The hate squad had their moment in the sun with Kim's late goal, supplied by Peter Whittingham's excellent delivery and celebrated from Cardiff to Seoul. United wobbled ahead of a vital week in which they travel to Leverkusen and Tottenham. The pressure is back on Moyes.
2. Cardiff's resolve holds
Malky Mackay is a manager who plans his strategy according to his opponent. He is not yet blessed with the resources to merely rely on his team. Medel patrolled the deep areas to cut out passes to Rooney and Hernandez, and the latter was anonymous.
Cardiff's best hopes of success had looked to lie in set pieces before a brilliantly executed link between Mutch and Fraizer Campbell brought them level and momentum. United had been coasting at that point -- hardly playing well, but looking comfortable. Suddenly, they were rocked by a reminder that the Bluebirds do possess some quality. Campbell might even have made it a brace when his chip rattled the angle of David de Gea's posts. He was always regarded as a player of talent at United, and has an England cap, but was moved on from Old Trafford at a time when the strikeforce featured Rooney, Carlos Tevez and Dimitar Berbatov.
Unfortunately for Mackay, United under Moyes have improved in one definite area: They have become excellent at attacking set pieces.
Evra headed across David Marshall from Rooney's excellent corner to remind of Robin van Persie's winner against Arsenal a fortnight ago.
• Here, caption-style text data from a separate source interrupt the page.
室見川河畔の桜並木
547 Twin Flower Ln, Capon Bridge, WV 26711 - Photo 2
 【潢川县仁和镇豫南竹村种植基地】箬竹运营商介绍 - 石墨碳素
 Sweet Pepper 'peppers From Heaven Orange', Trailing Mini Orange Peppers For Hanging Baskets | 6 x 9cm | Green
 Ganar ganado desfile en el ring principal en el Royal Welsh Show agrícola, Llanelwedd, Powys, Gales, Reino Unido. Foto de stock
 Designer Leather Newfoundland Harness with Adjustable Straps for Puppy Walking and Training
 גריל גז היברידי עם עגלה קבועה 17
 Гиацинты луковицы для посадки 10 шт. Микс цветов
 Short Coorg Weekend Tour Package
Medel had lost Evra while the ball was in midair and paid the price. United rained down further bombs at City's weak point and both Chris Smalling and Marouane Fellaini might also have scored. Marshall made a couple of excellent saves to set up the platform for Cardiff's own set-piece goal.
Cardiff were playing in front of the biggest TV audience ever to have seen them in action, an estimated potential of 5 billion. They supplied two moments of Premier magic, and again showed their resolve to compete with the big boys.
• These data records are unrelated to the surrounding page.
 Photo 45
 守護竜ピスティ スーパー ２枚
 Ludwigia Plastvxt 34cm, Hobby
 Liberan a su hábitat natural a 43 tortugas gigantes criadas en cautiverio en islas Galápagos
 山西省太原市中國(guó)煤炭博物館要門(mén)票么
3. Fellaini feels his way in
Inevitably, Fellaini's first touch saw him penalised. He is a magnet for infringement decisions. Perhaps he should cut his hair; it only adds to a gargantuan frame that makes any duel look like an unfair fight.
With injuries taking their toll on Moyes' squad, Tom Cleverley, his standing much reduced these days, was trying to assume the mantle of Michael Carrick -- and largely failing. He does not have the passing ability, nor the spatial awareness, of his sometime partner. Nor does he have Carrick's steadiness. Cleverley was caught out rather too often and, at one point, Moyes could be seen complaining to assistant Steve Round about a misplaced pass.
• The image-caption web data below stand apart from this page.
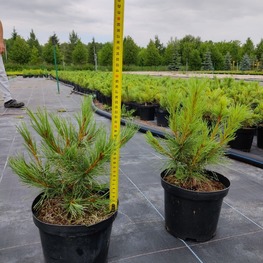 Кедровый стланик (Pinus pumila)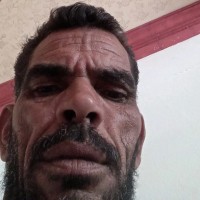 فيصل قاسمي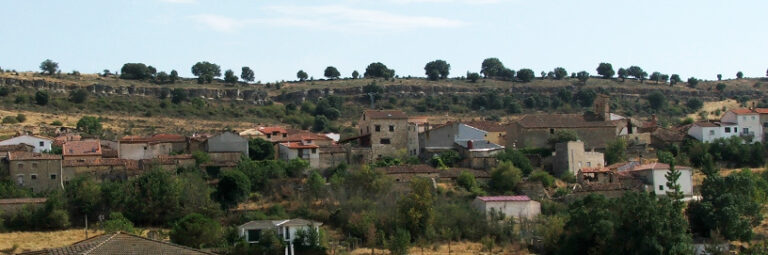congostrina 1 768x255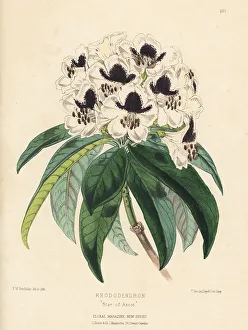 Volume 5 Prints: Rhododendron hybrid, Star of Ascot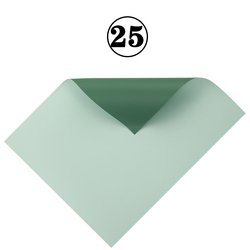 25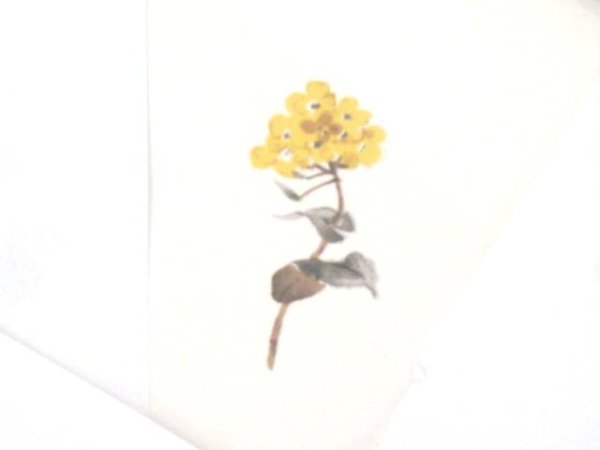 画像1: 草花 (1)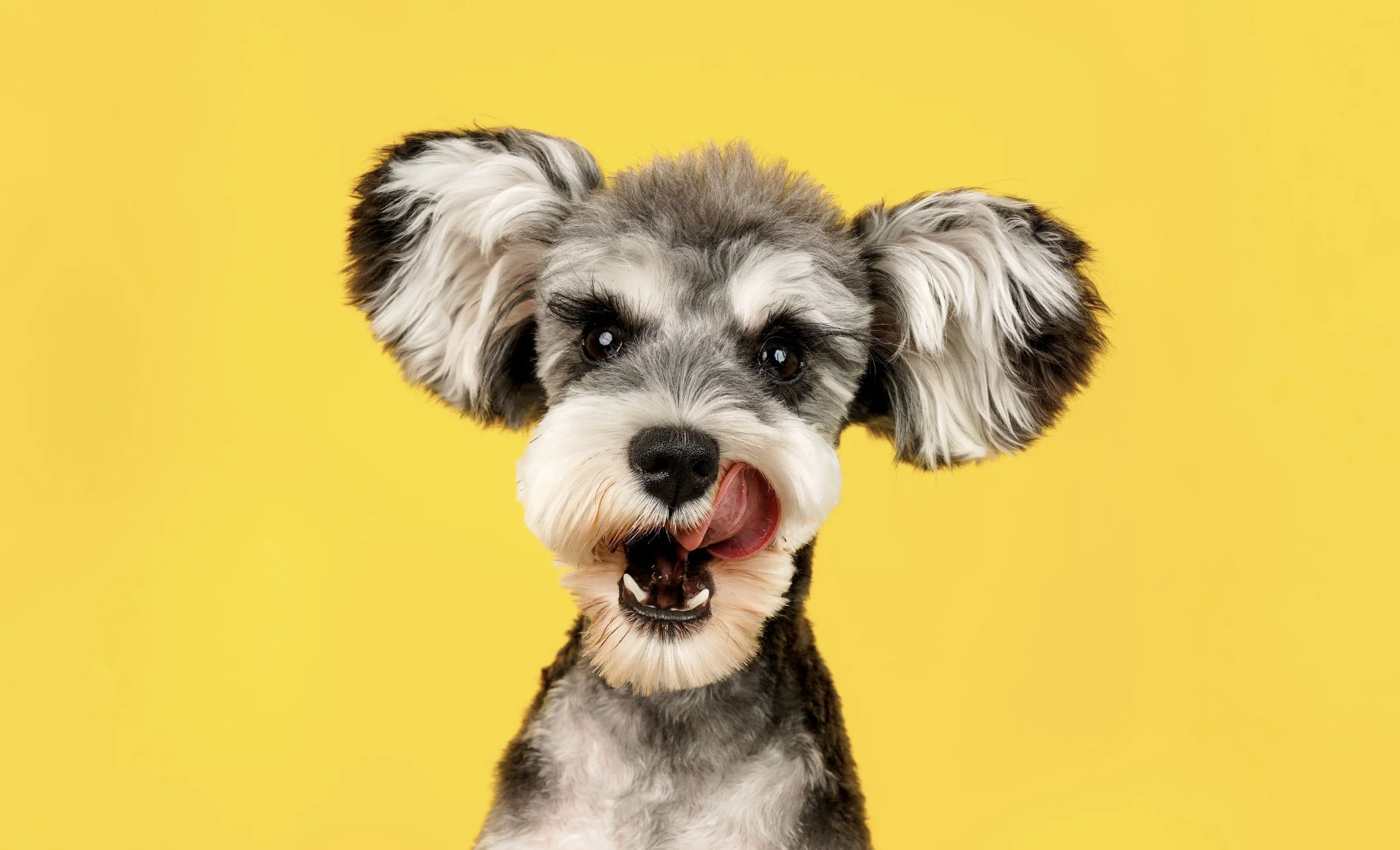 Gray and white schnauzer dog licking its lips against a yellow background.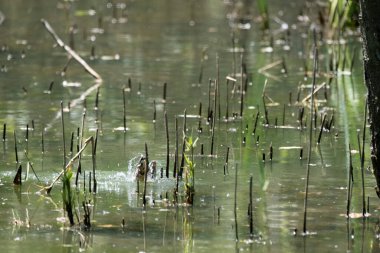 Mavi balıkçı, cycedo at this, brezilya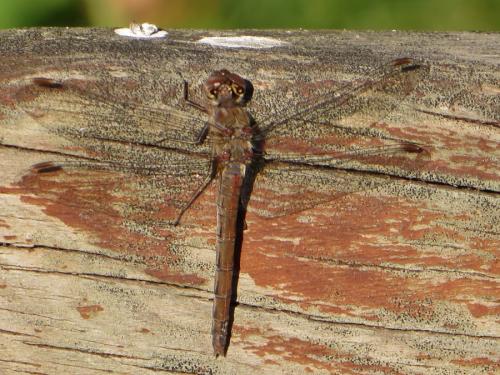 Sympetrum sanguineum
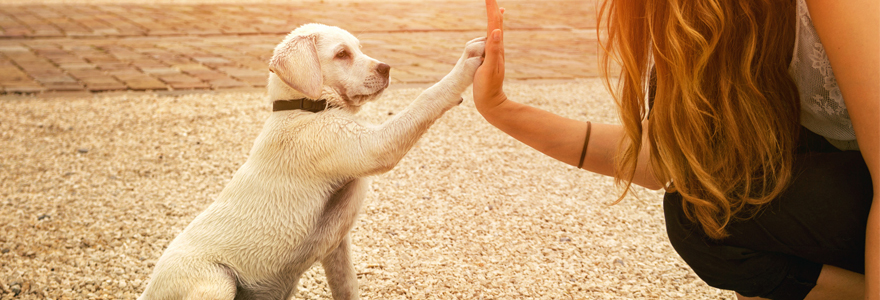formation dressage de chien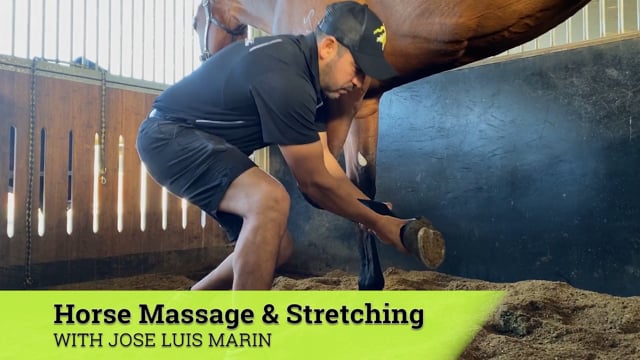 Episode 11 | Horse Massage & Stretching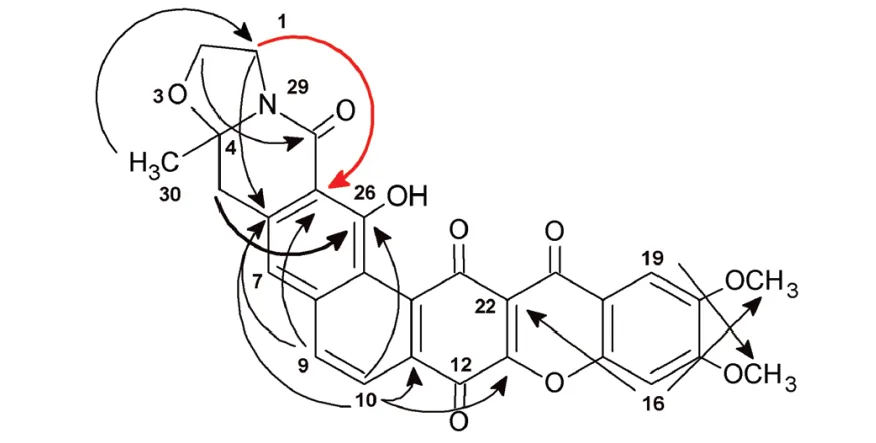一文了解计算机辅助结构解析(CASE 算法)的应用文献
Fellaini was playing what has become the Phil Jones role in the utility man's absence. A physical battle of the type that Cardiff provided suited the Belgian afro man. He seemed to be enjoying putting himself about in probably his most effective domestic game for his new club.
He might even have scored his first Premier League goal for United had Marshall not twice clawed headers away. In the midfield morass, a place Fellaini has always wanted to be, he was perpetually involved, ready to drop deep to collect the ball from his centre-backs and then join attacks, too. It perhaps helped that Cardiff's own engine room is not blessed with the pace that higher-grade teams will offer.
His partner was less impressive throughout. Cleverley was caught napping when Mutch stole in ahead of him to play in Campbell. United had been cut in two by the simplest of moves through the midfield area that is perennially their weakness and will be until proper reinforcements are made.